AnnouncementPinecone serverless is now in public preview on GCP and AzureGet started

Introduction to Facebook AI Similarity Search (Faiss)

Facebook AI Similarity Search (Faiss) is one of the most popular implementations of efficient similarity search, but what is it — and how can we use it?

What is it that makes Faiss special? How do we make the best use of this incredible tool?


Note: Pinecone lets you implement vector search into your applications with just a few API calls, without knowing anything about Faiss. However, you like seeing how things work, so enjoy the guide!

Start using Pinecone for free
Pinecone is the developer-favorite vector database that's fast and easy to use at any scale.

Fortunately, it’s a brilliantly simple process to get started with. And in this article, we’ll explore some of the options FAISS provides, how they work, and — most importantly — how Faiss can make our search faster.

Check out the video walkthrough here:

What is Faiss?

Before we get started with any code, many of you will be asking — what is Faiss?

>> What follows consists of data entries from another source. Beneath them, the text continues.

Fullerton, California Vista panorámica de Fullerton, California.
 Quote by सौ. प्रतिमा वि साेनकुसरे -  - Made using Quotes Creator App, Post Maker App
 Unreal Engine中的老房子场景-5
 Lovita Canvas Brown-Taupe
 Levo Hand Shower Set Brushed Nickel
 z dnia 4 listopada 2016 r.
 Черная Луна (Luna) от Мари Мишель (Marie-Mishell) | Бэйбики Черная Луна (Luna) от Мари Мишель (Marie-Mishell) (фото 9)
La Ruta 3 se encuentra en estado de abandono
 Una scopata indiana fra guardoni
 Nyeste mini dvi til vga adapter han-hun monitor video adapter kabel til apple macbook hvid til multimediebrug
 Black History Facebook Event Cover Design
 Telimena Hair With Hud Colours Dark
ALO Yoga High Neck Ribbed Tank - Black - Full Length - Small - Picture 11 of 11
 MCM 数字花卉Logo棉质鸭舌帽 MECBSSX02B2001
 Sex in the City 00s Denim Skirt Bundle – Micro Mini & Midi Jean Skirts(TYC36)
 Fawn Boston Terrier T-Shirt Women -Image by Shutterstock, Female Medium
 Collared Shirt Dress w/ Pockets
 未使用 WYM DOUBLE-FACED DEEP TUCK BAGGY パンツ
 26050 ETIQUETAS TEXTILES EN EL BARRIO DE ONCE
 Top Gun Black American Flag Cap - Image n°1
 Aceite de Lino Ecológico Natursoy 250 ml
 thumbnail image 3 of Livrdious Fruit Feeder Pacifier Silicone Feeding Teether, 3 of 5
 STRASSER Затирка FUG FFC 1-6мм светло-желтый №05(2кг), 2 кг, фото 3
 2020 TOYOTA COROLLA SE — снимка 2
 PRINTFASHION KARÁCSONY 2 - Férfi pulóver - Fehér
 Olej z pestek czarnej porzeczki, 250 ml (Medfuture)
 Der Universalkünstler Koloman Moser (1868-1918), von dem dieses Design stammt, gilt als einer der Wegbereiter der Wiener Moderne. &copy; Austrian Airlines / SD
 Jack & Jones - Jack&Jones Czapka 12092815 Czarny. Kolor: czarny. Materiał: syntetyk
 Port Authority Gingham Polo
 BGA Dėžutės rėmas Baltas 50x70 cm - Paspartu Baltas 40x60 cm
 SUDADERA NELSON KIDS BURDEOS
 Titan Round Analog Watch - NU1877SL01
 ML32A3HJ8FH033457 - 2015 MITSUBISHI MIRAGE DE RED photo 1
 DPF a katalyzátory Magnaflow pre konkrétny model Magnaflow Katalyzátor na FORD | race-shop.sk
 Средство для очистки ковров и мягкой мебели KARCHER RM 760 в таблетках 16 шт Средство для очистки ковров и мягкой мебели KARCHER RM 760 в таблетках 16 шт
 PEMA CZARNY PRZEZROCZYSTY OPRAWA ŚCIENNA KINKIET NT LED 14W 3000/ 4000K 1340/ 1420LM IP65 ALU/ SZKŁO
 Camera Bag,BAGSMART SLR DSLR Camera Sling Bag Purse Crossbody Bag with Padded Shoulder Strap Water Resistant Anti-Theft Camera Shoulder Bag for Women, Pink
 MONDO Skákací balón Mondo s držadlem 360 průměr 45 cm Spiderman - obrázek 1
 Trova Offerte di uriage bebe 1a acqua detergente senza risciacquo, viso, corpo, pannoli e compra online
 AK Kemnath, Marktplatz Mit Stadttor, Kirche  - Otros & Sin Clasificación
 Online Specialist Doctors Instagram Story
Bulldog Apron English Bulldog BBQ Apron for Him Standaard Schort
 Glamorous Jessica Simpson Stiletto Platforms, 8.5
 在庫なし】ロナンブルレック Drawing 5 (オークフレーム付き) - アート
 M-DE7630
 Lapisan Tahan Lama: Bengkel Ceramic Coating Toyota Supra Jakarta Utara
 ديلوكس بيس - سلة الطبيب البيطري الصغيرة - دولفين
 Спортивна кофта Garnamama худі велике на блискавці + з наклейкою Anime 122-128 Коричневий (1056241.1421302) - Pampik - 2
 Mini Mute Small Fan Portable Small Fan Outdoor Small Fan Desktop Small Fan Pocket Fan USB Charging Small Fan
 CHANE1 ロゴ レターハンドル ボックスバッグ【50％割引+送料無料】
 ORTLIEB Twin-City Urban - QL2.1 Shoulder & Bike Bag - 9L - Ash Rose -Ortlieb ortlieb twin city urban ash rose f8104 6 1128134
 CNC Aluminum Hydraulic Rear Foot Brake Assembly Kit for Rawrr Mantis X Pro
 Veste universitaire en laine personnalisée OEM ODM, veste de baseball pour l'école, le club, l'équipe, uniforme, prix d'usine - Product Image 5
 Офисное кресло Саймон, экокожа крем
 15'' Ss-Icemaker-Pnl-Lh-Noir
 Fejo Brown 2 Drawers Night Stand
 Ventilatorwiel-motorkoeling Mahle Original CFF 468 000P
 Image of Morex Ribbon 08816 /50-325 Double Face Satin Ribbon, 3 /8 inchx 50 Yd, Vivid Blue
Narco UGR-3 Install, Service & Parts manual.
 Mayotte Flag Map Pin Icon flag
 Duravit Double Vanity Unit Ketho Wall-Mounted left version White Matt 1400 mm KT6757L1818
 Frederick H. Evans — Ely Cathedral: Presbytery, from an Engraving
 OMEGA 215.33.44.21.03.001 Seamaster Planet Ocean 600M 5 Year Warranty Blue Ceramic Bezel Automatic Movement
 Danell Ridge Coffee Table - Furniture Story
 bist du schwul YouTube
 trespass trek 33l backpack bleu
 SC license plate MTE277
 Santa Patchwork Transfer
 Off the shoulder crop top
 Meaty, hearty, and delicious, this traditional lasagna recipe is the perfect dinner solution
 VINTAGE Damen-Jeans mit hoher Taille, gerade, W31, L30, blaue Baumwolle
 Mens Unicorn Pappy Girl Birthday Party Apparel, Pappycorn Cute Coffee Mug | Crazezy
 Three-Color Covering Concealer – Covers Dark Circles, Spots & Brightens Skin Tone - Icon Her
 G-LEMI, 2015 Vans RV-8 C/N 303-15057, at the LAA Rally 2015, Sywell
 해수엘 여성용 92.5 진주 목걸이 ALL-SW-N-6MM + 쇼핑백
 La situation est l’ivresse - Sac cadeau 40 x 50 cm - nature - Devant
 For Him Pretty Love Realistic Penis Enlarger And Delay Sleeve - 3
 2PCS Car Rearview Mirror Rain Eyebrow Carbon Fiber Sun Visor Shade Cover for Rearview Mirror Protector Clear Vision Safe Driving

Faiss is a library — developed by Facebook AI — that enables efficient similarity search.

So, given a set of vectors, we can index them using Faiss — then using another vector (the query vector), we search for the most similar vectors within the index.

Now, Faiss not only allows us to build an index and search — but it also speeds up search times to ludicrous performance levels — something we will explore throughout this article.

Building Some Vectors

The first thing we need is data, we’ll be concatenating several datasets from this semantic test similarity hub repo. We will download each dataset, and extract the relevant text columns into a single list.

In[1]:
import requests
from io import StringIO
import pandas as pd
The first dataset is in a slightly different format:
In[4]:
res = requests.get('https://raw.githubusercontent.com/brmson/dataset-sts/master/data/sts/sick2014/SICK_train.txt')
# create dataframe
data = pd.read_csv(StringIO(res.text), sep='\t')
data.head()
Out[4]:
   pair_ID                                         sentence_A  \
0        1  A group of kids is playing in a yard and an ol...   
1        2  A group of children is playing in the house an...   
2        3  The young boys are playing outdoors and the ma...   
3        5  The kids are playing outdoors near a man with ...   
4        9  The young boys are playing outdoors and the ma...   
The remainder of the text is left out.